Daneben hofft die Branche, die verlorene Zeit wieder aufzuholen, indem der „Congé collectif“verkürzt werden soll. Die Verhandlungen mit den Gewerkschaften stocken aber. „Die Angebote, die die Arbeitgeberseite bisher in dieser Beziehung gemacht hat, sind nicht zufriedenstellend“, betont Patrick Dury. Diskussionen zwischen Unternehmern und Arbeitnehmerseite am vergangenen Freitag brachten kein Ergebnis. In der laufenden Woche soll weiterverhandelt werden.

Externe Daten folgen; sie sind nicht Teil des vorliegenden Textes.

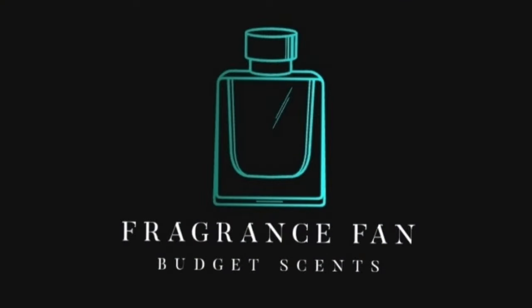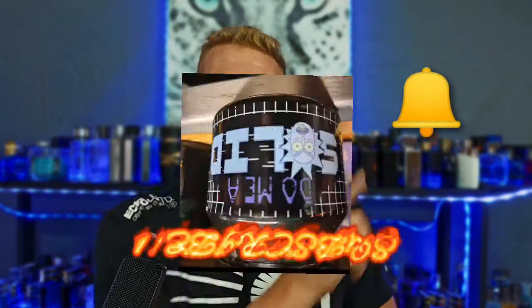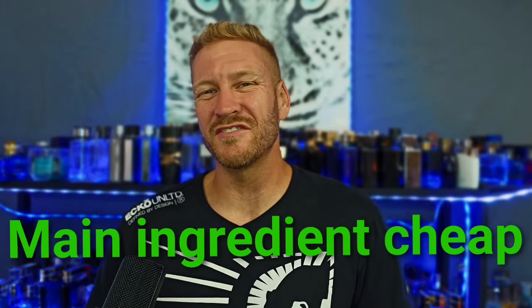Hello, my beautiful fragrance family — Dustin here from Fragrance Fan. Go ahead and give me a solid and click that like, comment, and subscribe, and don't forget to hit that bell notification. I'm going to keep on giving you guys these budget-friendly fragrance reviews in that 40-ish and under dollar range — most are way less than that — and a good number you can find at your local rack stores.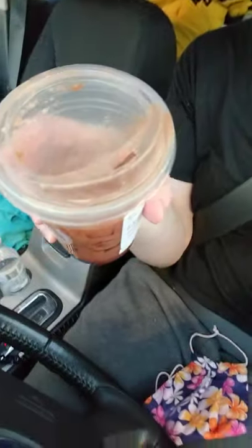They stock more grande cups than any other size, so I don't want to make them go searching for something they might have run out of. They're used to making grandes, so I'm just going to make it easy on them. It is really good. I thought I wasn't going to like the new cup lid for this, but I really do — it kind of allows all the flavors and layers of the drink to mix together.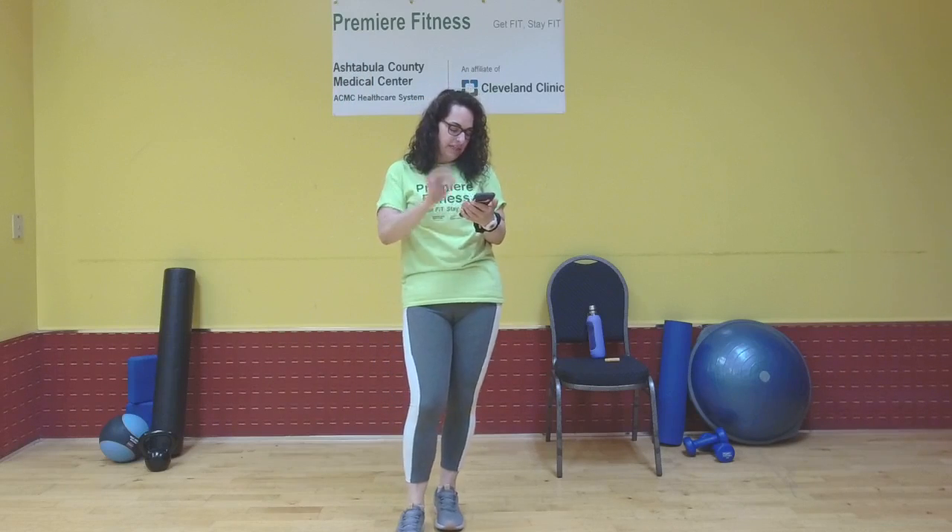Hi everybody, welcome to leg day. Julie Miller here from Premier Fitness. We've got leg day going on.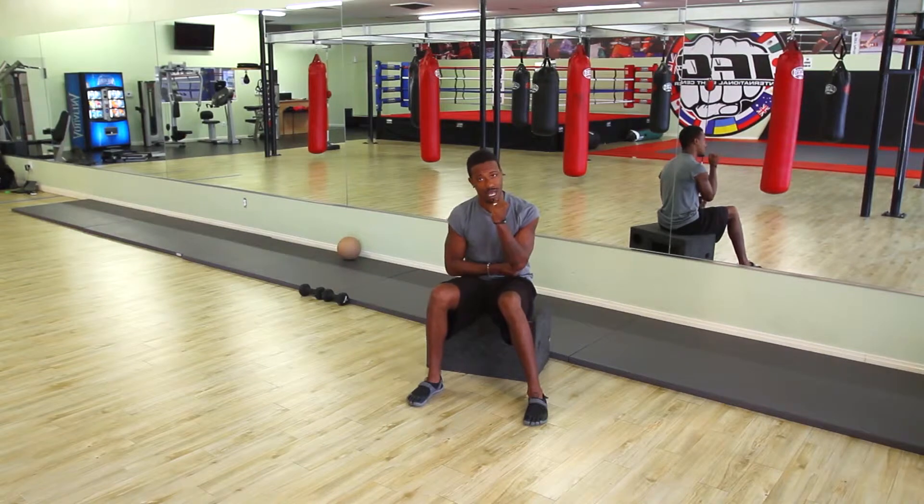My name is Jay Jones, celebrity peak performance coach and fitness minister, and today I'm going to demonstrate two tricep exercises that you can do around your house. Triceps are so important to the overall tightening and toning of your arms, so we want to get in as many exercises as often as we can to those triceps.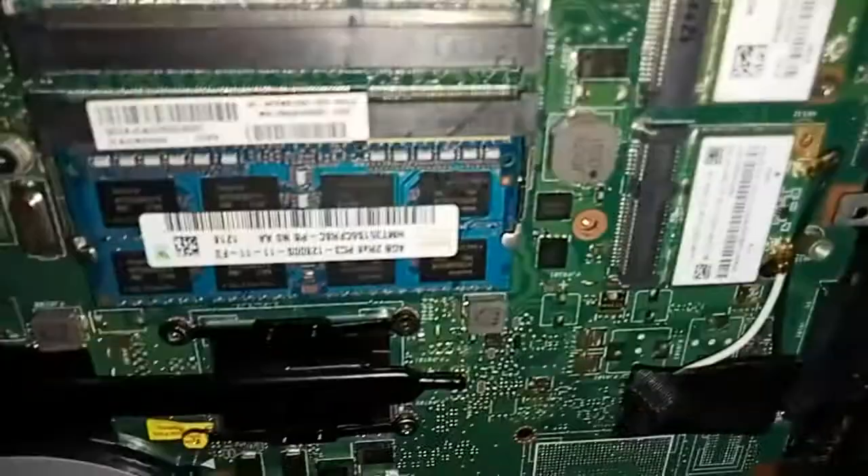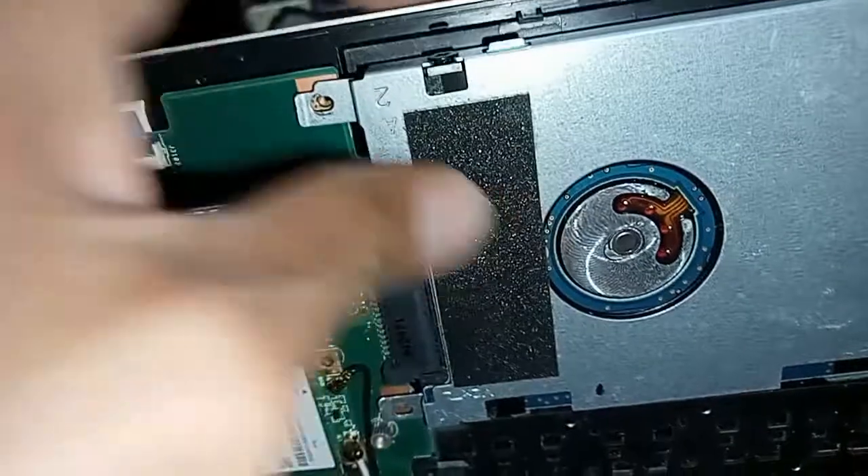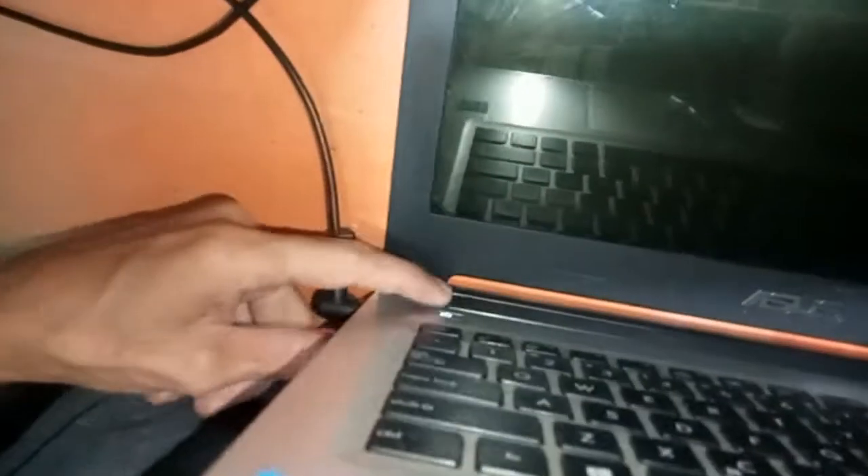I've got an Asus laptop from my customer. If I try to turn it on, there's a sign of life but it won't display anything on the monitor. I can feel the hard drive vibrating but there's no indication that it is being detected by the system. The cooling fan is also spinning and seems to be working perfectly fine. I tried using an external monitor a while ago but still it would not display anything.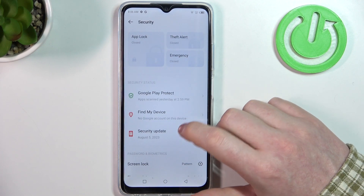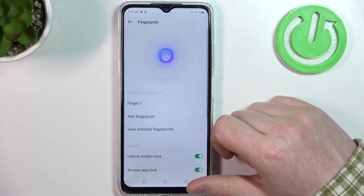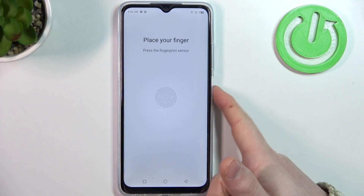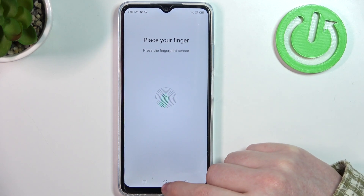Inside we can see the fingerprint, which already confirms that this device does have it. Now to find it, the fingerprint scanner is located on the right side where the power key is. And that's it for this video.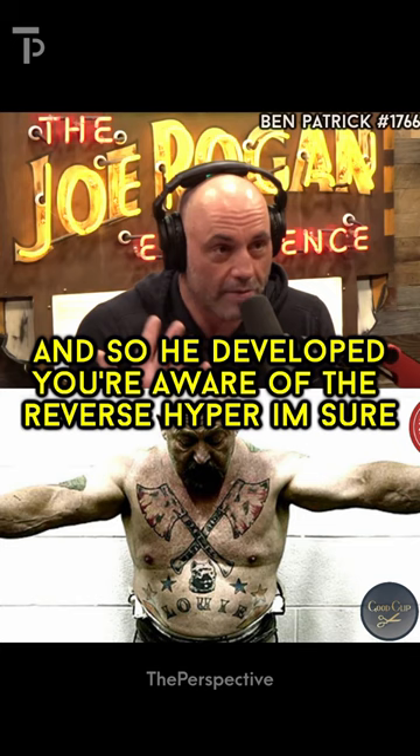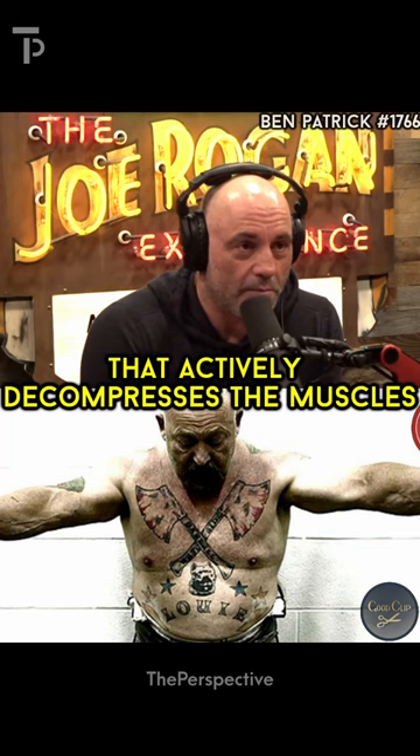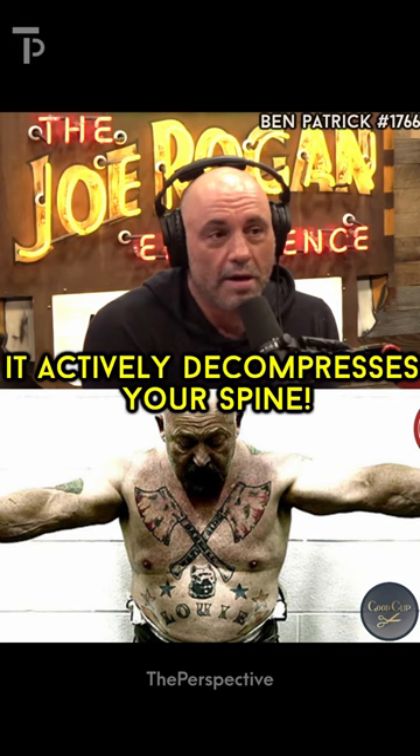So he developed — you're aware of the Reverse Hyper, I'm sure. It's an amazing machine, and it's the first machine that I've ever seen that actively decompresses the muscles while strengthening the muscles. On the deceleration, or the decline, it actively decompresses your spine, and then when you ascend, when you lift your legs up, it strengthens all those lower back muscles. It's a genius piece of equipment.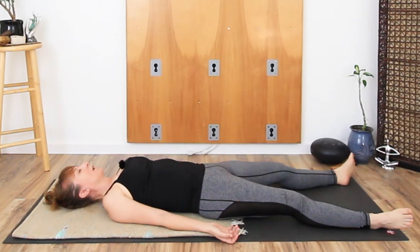Noticing the upper back, the shoulders — what's their connection to the floor? How different does it feel from right to left? Notice any difference here from right to left. Perhaps one side feels heavier, more grounded and connected to the floor.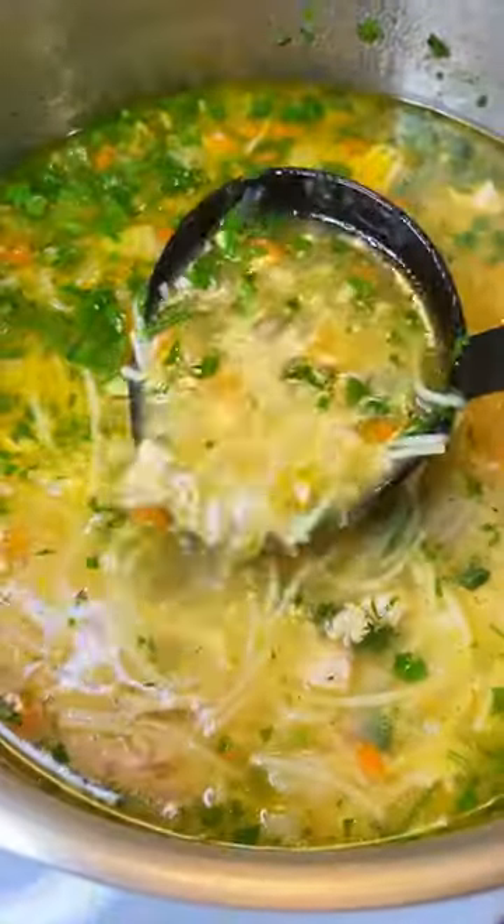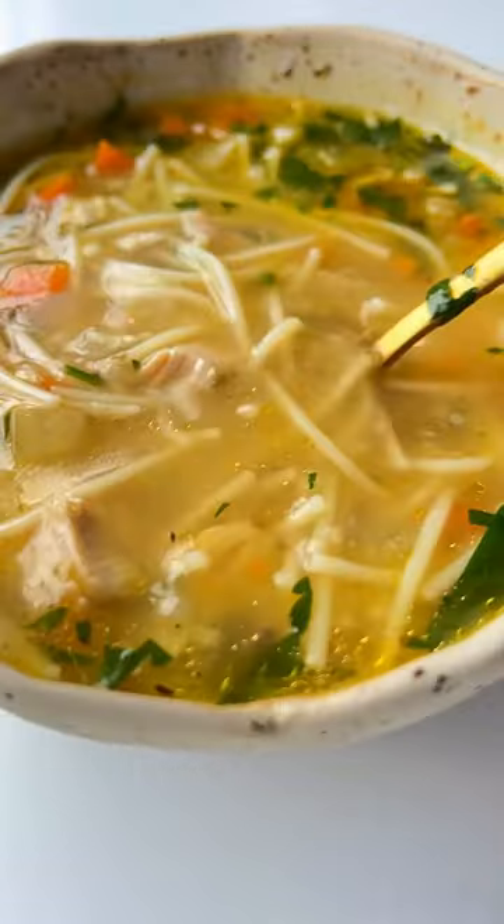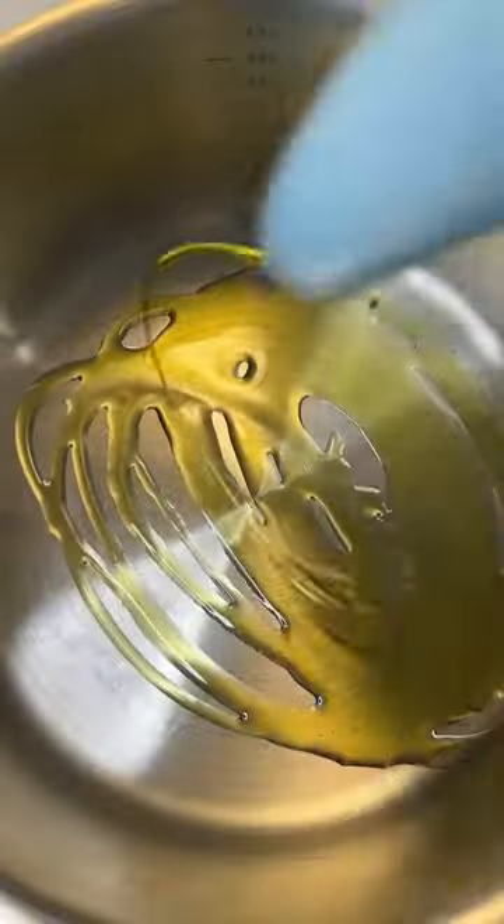Did you know you're making a big mistake by throwing out leftover turkey bones? We can make the most delicious turkey noodle soup. Let's go!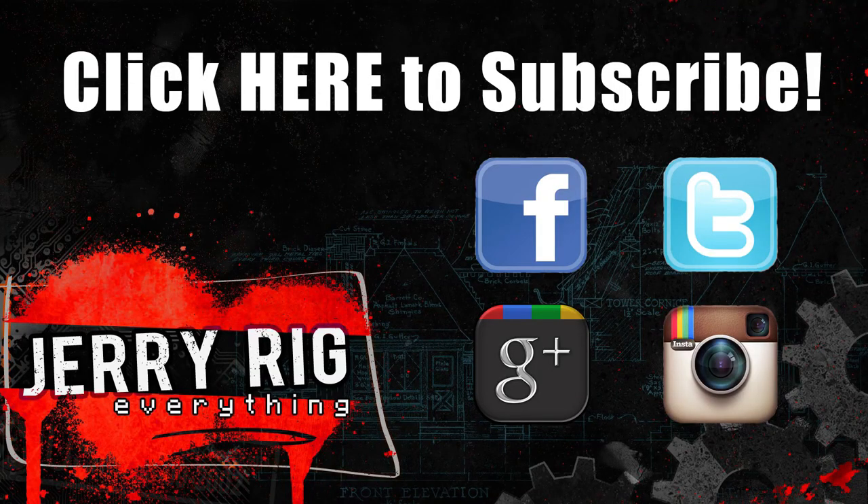Thanks a ton for watching. If you have any questions make sure to leave them down in the comments below. Don't forget to like if this video helped you or if you found it interesting, and don't forget to subscribe — it does mean a lot to me. Thanks for watching.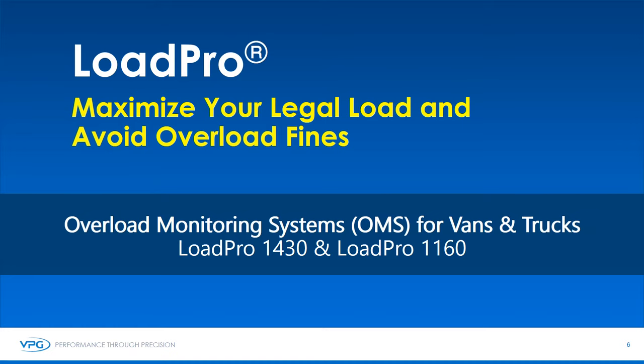VPG is delighted to present a brief introduction on the LoadPearl vehicle overload protection systems. I have had a lot of questions on what a vehicle overload protection system is, and just as important, what it isn't. Is it hard and time-consuming to install? Do I have to make modifications or weld to my vehicle's chassis? How long does it take to typically install? In two to three minutes, I hope to answer these questions and more and help you decide if this system is right for your application.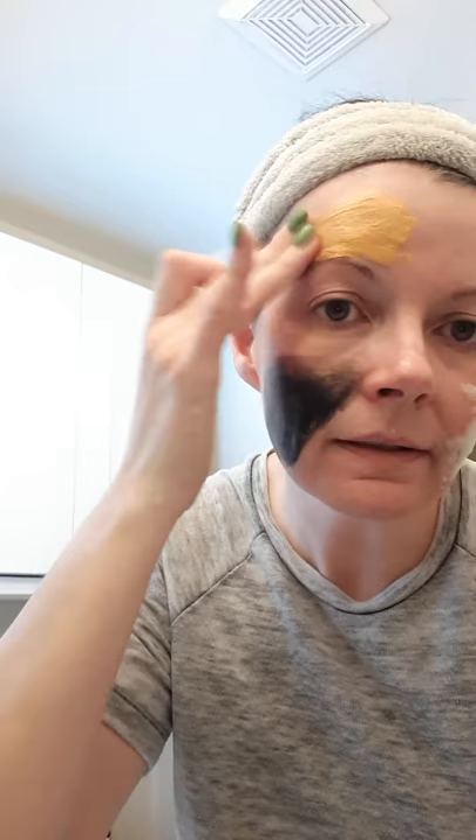I personally use the charcoal mask on my T-zone because that's where I get oily and most congested. My cheeks tend to be more sensitive sometimes. You can mix and match these masks — the acne mask is purple for oily skin, and the sensitive skin mask has kind of a green tint. So I could put that on my cheeks and the charcoal on my T-zone. The Reverse mask is silver — just need a little bit, say if you have sun damage on your forehead.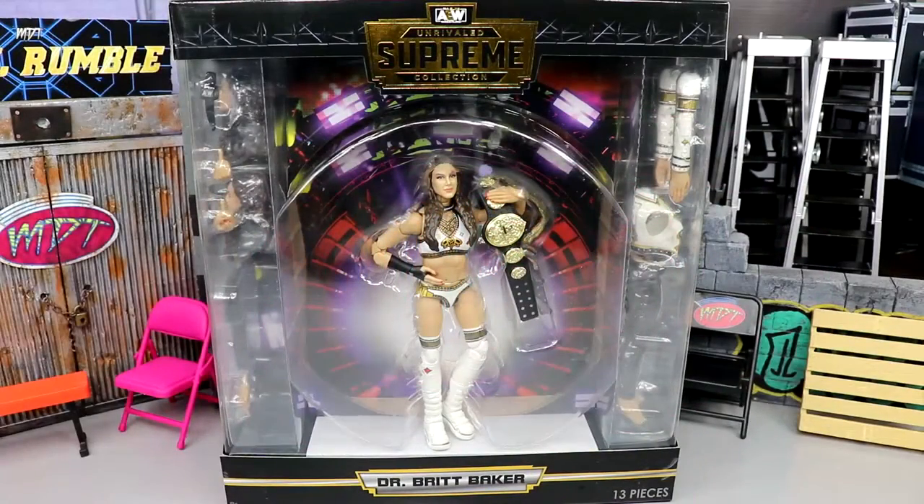Welcome back to another MD Toys video. Today we're back with another AEW Supreme Collection review — AEW Supreme Edition Series One, Dr. Britt Baker. We're very excited for this figure review. Yesterday we covered the Cody Rhodes Supreme figure, the first ever AEW Supreme action figure from Jazwares, and it was a great success. If you guys missed that video, please go check it out.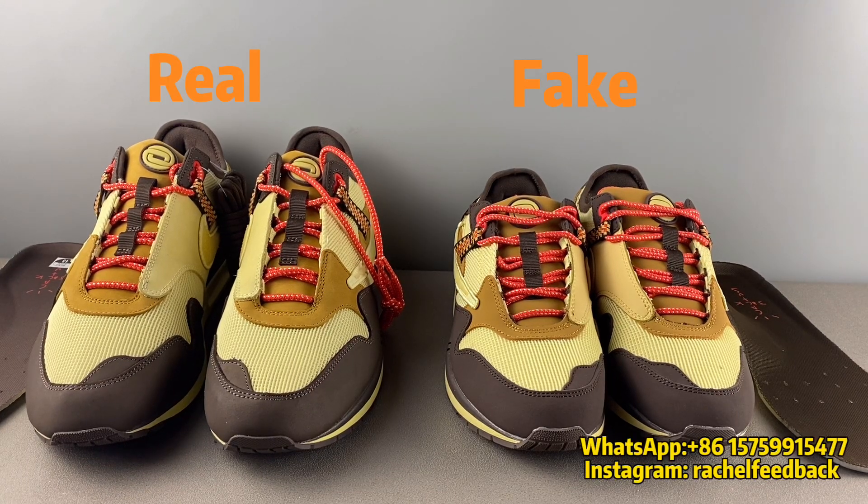Hello, I'm Rachel from GK Sneakers. Today I would like to do another review on the Travis Scott Air Max 1. In front of you, left is real, right is fake. Let's check what's the difference.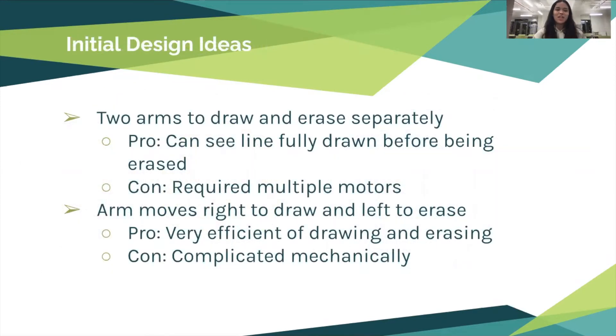For our initial design ideas we started brainstorming on how to draw and then erase the line. The first design was to have two separate arms — one holding the marker and the second holding the eraser. The first arm would draw the line fully out and then the second arm would erase it. This was a good idea but required multiple motors and was more complex in coding than we hoped, since the goal was to create as simple a device as possible.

Insgesamt bereitet sich die Branche auf zwei schwierige Jahre vor. „Es wird wohl einen Einbruch geben. Die Gemeinden in Luxemburg haben schon angekündigt, dass sie zusammengenommen 380 Millionen weniger an Aufträgen herausgeben werden. Auch Privatkunden haben schon Bauvorhaben eingestellt“, sagt Faber.
Er hofft daher, dass der Staat auch hier in die Bresche springt und, wie von Minister Bausch angekündigt, Projekte, die für die Zukunft geplant waren, vorzuziehen und schon in diesem Jahr zu beauftragen.